GPM = Gaussian Process Modeling

Notes

Link to nice notebook explaining how to implement this in Python: https://blog.dominodatalab.com/fitting-gaussian-process-models-python/

Python Libraries

To do Gaussian Process Modeling, can use several libraries:

GPFlow (Gaussian Process Modeling using TensorFlow under the hood)
PyMC3 (PyMC implements Markov-chain Monte Carlo methods for GPM)
scikit-learn (implements several GPM routines/objects/functions)

These packages principally implement covariance functions that can be used to describe non-linearity in data, and methods for fitting GPM parameters.

Sample Data

To create sample data:

import numpy as np

def exponential_cov(x, y, params):
    return params[0] * np.exp( -0.5 * params[1] * np.subtract.outer(x, y)**2)

def conditional(x_new, x, y, params):
    B = exponential_cov(x_new, x, params)
    C = exponential_cov(x, x, params)
    A = exponential_cov(x_new, x_new, params)

    mu = np.linalg.inv(C).dot(B.T).T.dot(y)
    sigma = A - B.dot(np.linalg.inv(C).dot(B.T))

    return(mu.squeeze(), sigma.squeeze())

We'll create a Gaussian process prior with hyperparameters theta0 = 1 and theta1 = 10, along with a zero mean:

import matplotlib.pylab as plt

theta = [1, 10]
sigma_0 = exponential_cov(0, 0, theta)
xpts = np.arange(-3, 3, step=0.01)
plt.errorbar(xpts, np.zeros(len(xpts)), yerr=sigma_0, capsize=0)

Now, pick an arbitrary starting point:

x = [1.]
y = [np.random.normal(scale=sigma_0)]

Now update the confidence band to account for the new sample point by using the covariance function to generate point-wise intervals:

sigma_1 = exponential_cov(x, x, theta)

def predict(x, data, kernel, params, sigma, t):
    k = [kernel(x, y, params) for y in data]
    Sinv = np.linalg.inv(sigma)
    y_pred = np.dot(k, Sinv).dot(t)
    sigma_new = kernel(x, x, params) - np.dot(k, Sinv).dot(k)
    return y_pred, sigma_new

x_pred = np.linspace(-3, 3, 1000)
predictions = [predict(i, x, exponential_cov, theta, sigma_1, y) for i in x_pred]

To plot:

y_pred, sigmas = np.transpose(predictions)
plt.errorbar(x_pred, y_pred, yerr=sigmas, capsize=0)
plt.plot(x, y, "ro")

Another point can be added as well:

m, s = conditional([-0.7], x, y, θ)
y2 = np.random.normal(m, s)

To update the covariance to account for the new point:

x.append(-0.7)
y.append(y2)

sigma_2 = exponential_cov(x, x, theta)
predictions = [predict(i, x, exponential_cov, theta, sigma_2, y) for i in x_pred]

To sample multiple points at once:

x_more = [-2.1, -1.5, 0.3, 1.8, 2.5]
mu, s = conditional(x_more, x, y, theta)
y_more = np.random.multivariate_normal(mu, s)

Now the covariance can be updated again:

x += x_more
y += y_more.tolist()

σ_new = exponential_cov(x, x, theta)
predictions = [predict(i, x, exponential_cov, theta, sigma_new, y) for i in x_pred]

y_pred, sigmas = np.transpose(predictions)
plt.errorbar(x_pred, y_pred, yerr=sigmas, capsize=0)
plt.plot(x, y, "ro")

Scikit-Learn

scikit-learn has several relevant functions/implementations of GPMs appropriate for different applications:

GaussianProcessRegressor - create this by specifying an appropriate covariance function (kernel).
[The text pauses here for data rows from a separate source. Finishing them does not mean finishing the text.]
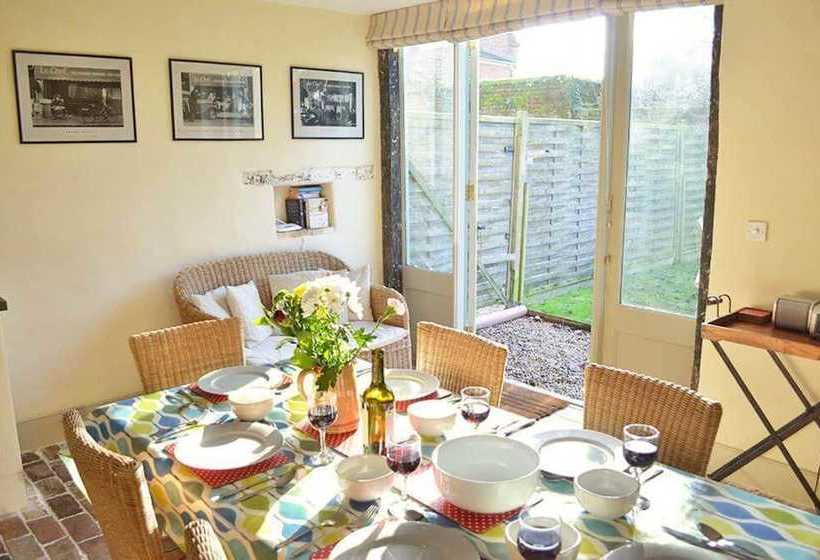 Banningham Coach House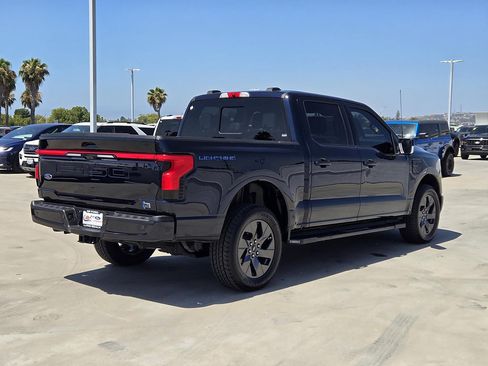 Used 2022 Ford F150 Lightning Lariat AWD/4WD image 4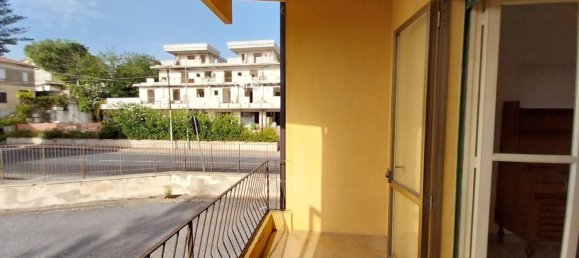 5 rooms Apartment in Bonifati, Italy No. 71774 10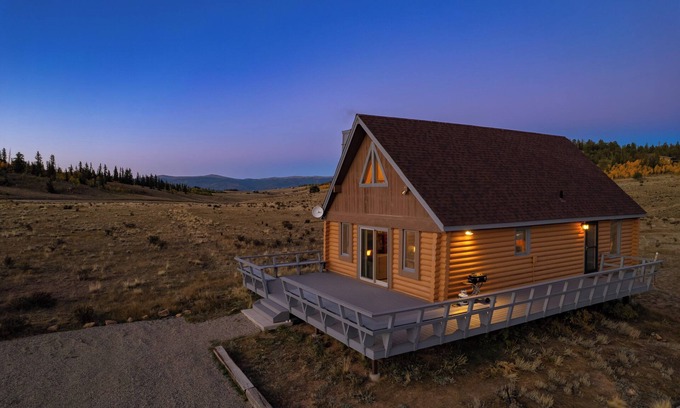Indian Mountain Cabin | Make memories of a lifetime this Christmas at Mountain Escape! nn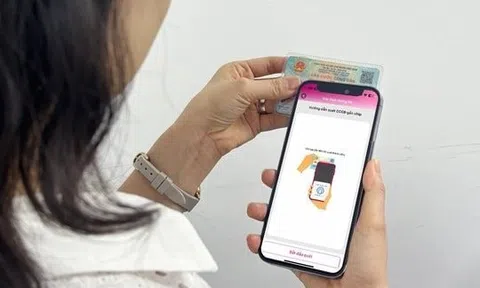 Vừa chuyển khoản thành công 100.200.000 đồng, người phụ nữ SN 1993 báo công an làm rõ giao dịch với 2 tài khoản ngân hàng cùng mang tên V.T.B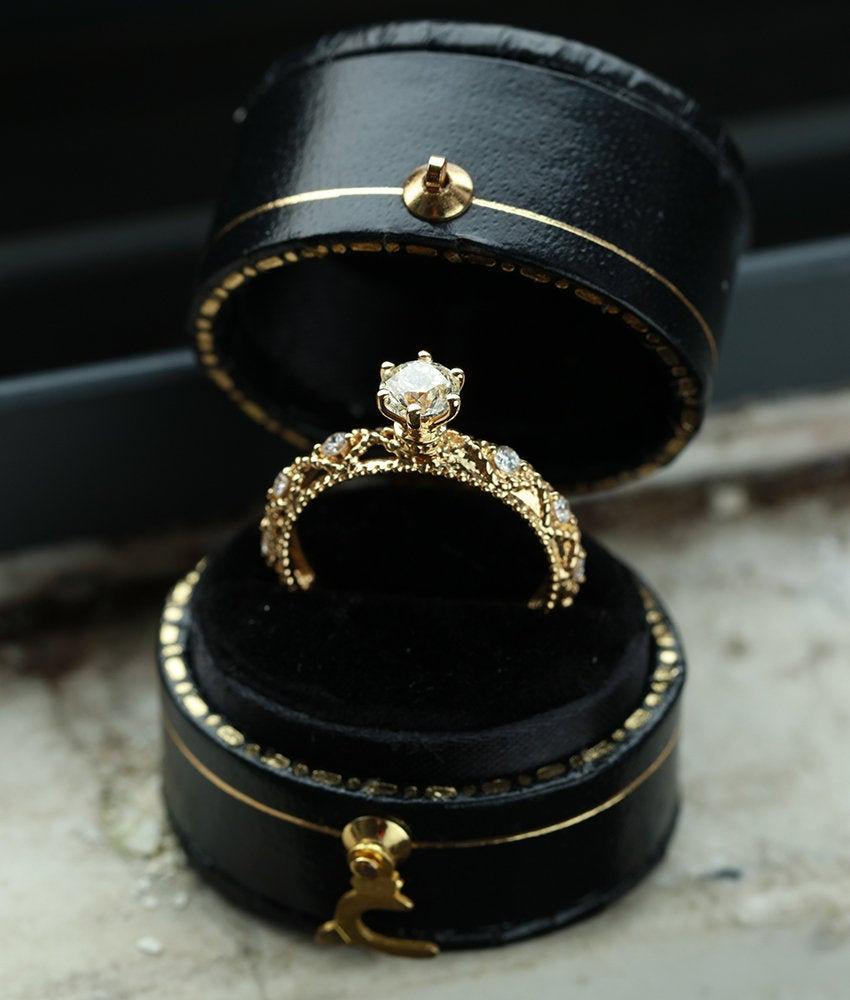 Mariage - Vintage moissanite Engagement ring Antique unique wedding ring  GIA diamond ring yellow gold ring bridal ring wedding ring anniversary gift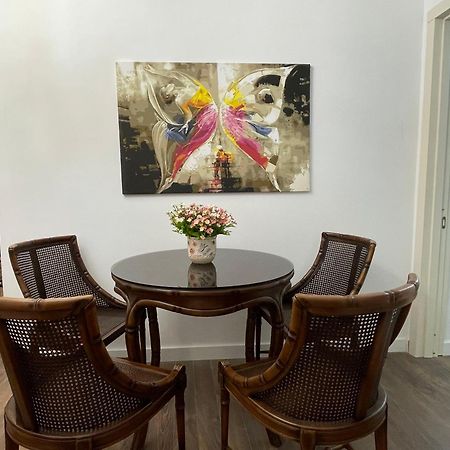 Picasso Apartment Koutaïssi Extérieur photo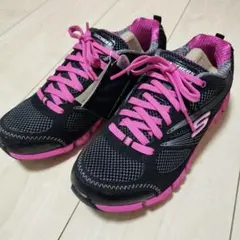 極美品SKECHERS D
Fitting is accomplished by maximizing log marginal likelihood (avoids computationally intensive cross-validation strategy). Does not allow for specification of mean function (assumed to be zero). This is because the mean is not as important when computing the posterior.
GaussianProcessClassifier - useful for classification tasks and fitting categorical/binary data. Uses a latent Gaussian response variable, transforms it to the unit interval (or simplex). Soft probabilisitic classification task, rather than a hard classification prediction. User provides a kernel to describe the covariance in the data set. The posterior is non-normal. Laplace approximation used in place of maximizing marginal likelihood.

Kernels:

from sklearn import gaussian_process will import code/functions related to Gaussian process modeling
from sklearn.gaussian_process.kernels import Matern will import one of about a dozen GPM kernels
Matern covariance is a good, flexible first-choice:

$k_{M}(x)={\dfrac {\sigma ^{2}}{\Gamma (\nu )2^{\nu -1}}}\left({\dfrac {{\sqrt {2\nu }}x}{l}}\right)^{\nu }K_{\nu }\left({\dfrac {{\sqrt {2\nu }}x}{l}}\right)$

$\sigma$ is amplitude, scalar multiplier that controls y-axis scaling
$l$ is length scale, scales realizations laong x-axis
$\nu$ is roughness, controls sharpness/smoothing of ridges in covariance function

Example usage:

A single GPM kernel can be a combination of multiple kernels
Start by using a Matern component (Matern), then use an amplitude factor (ConstantKernel), then use an observation noise (WhiteKernel) kernel

kernel = ConstantKernel() 
    + Matern(length_scale=2, nu=3/2) 
    + WhiteKernel(noise_level=1)

Then create a GaussianProcessRegressor object:

gp = gaussian_process.GaussianProcessRegressor(kernel=kernel)
gp.fit(X, y)

To do this all in a single call, while also setting the optimizer:

GaussianProcessRegressor(alpha=1e-10, copy_X_train=True,
    kernel=1**2 + Matern(length_scale=2, nu=1.5) + WhiteKernel(noise_level=1),
    n_restarts_optimizer=0, normalize_y=False,
    optimizer='fmin_l_bfgs_b', random_state=None)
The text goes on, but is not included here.